Do spiders follow links from pages with the noindex tag?

Forum Moderators: goodroi

Message Too Old, No Replies

Do spiders follow links from pages with the noindex tag?

As opposed to links from robots files?

bouncybunny

1:51 am on Jan 2, 2007 (gmt 0)

My understanding of the difference between using a robots.txt file and the noindex tag at the top of a page, is;

1. Using a robots.txt disallow command will stop Spiders (Googlebot etc) from even reading the page referenced by the link/path.

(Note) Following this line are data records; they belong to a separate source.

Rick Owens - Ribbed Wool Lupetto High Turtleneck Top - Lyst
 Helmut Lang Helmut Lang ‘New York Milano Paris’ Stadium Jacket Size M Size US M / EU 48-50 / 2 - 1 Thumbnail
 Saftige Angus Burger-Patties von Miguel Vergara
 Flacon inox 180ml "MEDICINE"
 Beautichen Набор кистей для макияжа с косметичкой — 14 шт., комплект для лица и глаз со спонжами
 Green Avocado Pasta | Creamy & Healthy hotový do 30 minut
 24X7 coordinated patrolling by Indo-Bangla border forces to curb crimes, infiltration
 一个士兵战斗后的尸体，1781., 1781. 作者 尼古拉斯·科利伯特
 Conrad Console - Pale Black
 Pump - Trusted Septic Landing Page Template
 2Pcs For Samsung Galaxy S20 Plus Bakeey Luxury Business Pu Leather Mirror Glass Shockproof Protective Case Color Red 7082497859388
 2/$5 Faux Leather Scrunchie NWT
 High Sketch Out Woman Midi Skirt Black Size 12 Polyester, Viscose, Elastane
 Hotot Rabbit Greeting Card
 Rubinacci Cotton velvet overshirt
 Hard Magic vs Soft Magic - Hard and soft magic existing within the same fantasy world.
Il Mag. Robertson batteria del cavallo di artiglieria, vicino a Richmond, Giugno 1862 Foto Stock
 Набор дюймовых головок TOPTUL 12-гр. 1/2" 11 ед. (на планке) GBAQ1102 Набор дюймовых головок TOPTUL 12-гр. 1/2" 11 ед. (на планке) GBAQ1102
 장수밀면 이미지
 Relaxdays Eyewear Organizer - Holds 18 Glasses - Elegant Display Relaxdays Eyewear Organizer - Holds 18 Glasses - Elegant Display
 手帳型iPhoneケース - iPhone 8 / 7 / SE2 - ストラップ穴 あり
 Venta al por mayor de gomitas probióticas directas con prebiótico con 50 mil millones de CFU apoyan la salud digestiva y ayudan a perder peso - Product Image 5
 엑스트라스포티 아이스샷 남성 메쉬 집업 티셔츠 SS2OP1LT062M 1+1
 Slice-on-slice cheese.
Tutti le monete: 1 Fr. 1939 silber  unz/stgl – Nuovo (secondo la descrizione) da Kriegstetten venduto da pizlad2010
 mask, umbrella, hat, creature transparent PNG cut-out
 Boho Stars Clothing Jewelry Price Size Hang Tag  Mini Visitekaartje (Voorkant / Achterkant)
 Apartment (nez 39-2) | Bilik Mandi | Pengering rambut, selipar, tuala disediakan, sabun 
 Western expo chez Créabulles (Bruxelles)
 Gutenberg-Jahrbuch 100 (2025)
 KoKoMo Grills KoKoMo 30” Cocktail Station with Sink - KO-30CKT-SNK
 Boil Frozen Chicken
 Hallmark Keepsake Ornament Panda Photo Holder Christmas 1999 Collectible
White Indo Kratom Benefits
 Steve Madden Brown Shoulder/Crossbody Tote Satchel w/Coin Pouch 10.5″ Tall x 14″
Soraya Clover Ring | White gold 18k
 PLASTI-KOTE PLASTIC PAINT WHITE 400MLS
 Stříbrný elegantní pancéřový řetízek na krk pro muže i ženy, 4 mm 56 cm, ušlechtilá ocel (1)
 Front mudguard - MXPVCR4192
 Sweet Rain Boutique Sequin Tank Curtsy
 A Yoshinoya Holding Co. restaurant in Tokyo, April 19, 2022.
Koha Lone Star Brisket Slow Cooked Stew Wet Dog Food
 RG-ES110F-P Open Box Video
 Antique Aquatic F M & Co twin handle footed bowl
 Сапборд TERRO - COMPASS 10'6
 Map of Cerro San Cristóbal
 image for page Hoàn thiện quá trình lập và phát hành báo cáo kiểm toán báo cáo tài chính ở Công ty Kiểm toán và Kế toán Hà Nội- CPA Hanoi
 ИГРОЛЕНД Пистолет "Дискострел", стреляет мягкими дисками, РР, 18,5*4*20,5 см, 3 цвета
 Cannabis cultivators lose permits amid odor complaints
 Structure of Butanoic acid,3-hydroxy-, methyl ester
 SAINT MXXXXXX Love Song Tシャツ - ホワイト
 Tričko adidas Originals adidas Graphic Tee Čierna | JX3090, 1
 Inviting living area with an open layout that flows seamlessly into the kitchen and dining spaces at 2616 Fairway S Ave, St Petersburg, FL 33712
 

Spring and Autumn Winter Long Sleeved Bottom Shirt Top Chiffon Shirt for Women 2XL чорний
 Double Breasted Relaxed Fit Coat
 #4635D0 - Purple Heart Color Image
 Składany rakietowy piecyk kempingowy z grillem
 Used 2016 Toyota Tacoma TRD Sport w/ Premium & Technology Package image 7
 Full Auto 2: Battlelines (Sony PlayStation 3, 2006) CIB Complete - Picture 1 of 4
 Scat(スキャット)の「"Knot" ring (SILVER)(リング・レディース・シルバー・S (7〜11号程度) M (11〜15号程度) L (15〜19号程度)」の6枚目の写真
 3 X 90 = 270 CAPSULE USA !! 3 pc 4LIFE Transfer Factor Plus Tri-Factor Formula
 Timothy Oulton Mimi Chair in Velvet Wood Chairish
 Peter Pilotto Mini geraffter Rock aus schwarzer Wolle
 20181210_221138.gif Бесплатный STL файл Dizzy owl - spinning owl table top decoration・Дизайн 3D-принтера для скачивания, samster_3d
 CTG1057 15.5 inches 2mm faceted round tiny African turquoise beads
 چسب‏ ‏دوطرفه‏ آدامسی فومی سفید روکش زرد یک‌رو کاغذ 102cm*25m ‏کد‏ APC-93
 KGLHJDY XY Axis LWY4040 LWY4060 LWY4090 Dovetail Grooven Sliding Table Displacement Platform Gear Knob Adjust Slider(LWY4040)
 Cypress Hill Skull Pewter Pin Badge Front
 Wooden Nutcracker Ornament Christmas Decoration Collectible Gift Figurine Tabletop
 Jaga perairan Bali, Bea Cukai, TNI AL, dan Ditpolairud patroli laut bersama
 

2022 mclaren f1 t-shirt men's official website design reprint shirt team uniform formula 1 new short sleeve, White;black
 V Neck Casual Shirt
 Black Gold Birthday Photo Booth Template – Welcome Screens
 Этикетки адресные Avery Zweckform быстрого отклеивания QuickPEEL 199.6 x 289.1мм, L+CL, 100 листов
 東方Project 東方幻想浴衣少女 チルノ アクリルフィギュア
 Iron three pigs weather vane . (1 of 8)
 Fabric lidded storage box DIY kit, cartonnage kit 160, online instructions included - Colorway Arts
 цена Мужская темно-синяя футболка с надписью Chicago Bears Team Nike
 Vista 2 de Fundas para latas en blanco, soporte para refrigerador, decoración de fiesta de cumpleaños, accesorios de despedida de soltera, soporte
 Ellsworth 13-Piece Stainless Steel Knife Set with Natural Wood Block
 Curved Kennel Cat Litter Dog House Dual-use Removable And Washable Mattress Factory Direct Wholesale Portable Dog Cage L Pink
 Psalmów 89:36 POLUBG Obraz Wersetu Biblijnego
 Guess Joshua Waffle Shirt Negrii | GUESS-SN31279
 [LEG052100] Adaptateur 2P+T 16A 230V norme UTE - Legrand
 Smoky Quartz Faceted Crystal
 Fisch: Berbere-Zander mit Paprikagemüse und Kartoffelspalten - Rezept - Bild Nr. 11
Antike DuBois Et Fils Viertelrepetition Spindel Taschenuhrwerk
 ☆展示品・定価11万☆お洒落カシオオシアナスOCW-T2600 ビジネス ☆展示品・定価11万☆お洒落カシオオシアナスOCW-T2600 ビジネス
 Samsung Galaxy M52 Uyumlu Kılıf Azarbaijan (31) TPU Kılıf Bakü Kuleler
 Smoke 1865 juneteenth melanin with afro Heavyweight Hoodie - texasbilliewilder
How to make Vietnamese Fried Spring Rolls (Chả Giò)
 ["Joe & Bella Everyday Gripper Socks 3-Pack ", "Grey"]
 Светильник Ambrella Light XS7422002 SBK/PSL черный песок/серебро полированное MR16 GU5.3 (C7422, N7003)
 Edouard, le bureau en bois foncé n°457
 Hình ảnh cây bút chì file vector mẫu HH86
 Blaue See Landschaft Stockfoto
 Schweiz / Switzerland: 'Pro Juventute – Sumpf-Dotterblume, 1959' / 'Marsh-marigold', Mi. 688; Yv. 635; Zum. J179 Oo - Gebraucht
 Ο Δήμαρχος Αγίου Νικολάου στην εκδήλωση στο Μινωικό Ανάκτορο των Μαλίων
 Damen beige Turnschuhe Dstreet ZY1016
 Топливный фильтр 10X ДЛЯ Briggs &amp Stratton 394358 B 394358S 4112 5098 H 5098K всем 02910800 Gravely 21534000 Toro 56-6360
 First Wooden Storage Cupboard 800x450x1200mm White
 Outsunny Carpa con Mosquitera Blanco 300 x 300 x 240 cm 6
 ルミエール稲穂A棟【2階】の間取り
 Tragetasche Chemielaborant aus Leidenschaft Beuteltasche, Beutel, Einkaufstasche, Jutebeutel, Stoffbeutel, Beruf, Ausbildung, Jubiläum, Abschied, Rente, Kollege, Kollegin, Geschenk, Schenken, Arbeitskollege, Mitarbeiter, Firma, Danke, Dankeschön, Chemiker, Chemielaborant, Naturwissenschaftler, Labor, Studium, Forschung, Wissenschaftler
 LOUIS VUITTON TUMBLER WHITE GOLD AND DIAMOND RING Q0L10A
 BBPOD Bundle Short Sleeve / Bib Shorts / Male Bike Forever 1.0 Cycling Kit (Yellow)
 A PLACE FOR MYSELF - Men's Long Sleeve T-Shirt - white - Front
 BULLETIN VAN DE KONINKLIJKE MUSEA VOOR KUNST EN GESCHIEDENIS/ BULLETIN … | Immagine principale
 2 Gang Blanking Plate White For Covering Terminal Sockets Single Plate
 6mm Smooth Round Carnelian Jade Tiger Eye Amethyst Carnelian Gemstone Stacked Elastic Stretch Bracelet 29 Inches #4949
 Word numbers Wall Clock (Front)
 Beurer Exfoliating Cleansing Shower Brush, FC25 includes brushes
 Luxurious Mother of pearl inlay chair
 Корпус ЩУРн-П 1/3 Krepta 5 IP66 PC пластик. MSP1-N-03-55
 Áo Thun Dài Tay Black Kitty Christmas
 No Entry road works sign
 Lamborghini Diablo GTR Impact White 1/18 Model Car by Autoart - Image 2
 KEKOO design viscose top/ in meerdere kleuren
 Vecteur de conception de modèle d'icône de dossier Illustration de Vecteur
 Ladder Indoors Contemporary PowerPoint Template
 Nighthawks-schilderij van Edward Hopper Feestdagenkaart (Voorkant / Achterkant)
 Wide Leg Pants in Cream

2. A noindex tag will allow the spider to read the page, but it won't be returned in search results.

So far so good?

My question therefore is this. If there is a link to another (non-disallowed) page, from the page that has the noindex tag, will Googlebot (and the others) follow that link and index the page fully and return its content in search results?

Thanks

jdMorgan

2:10 am on Jan 2, 2007 (gmt 0)

Yes to your final question, the links will be followed.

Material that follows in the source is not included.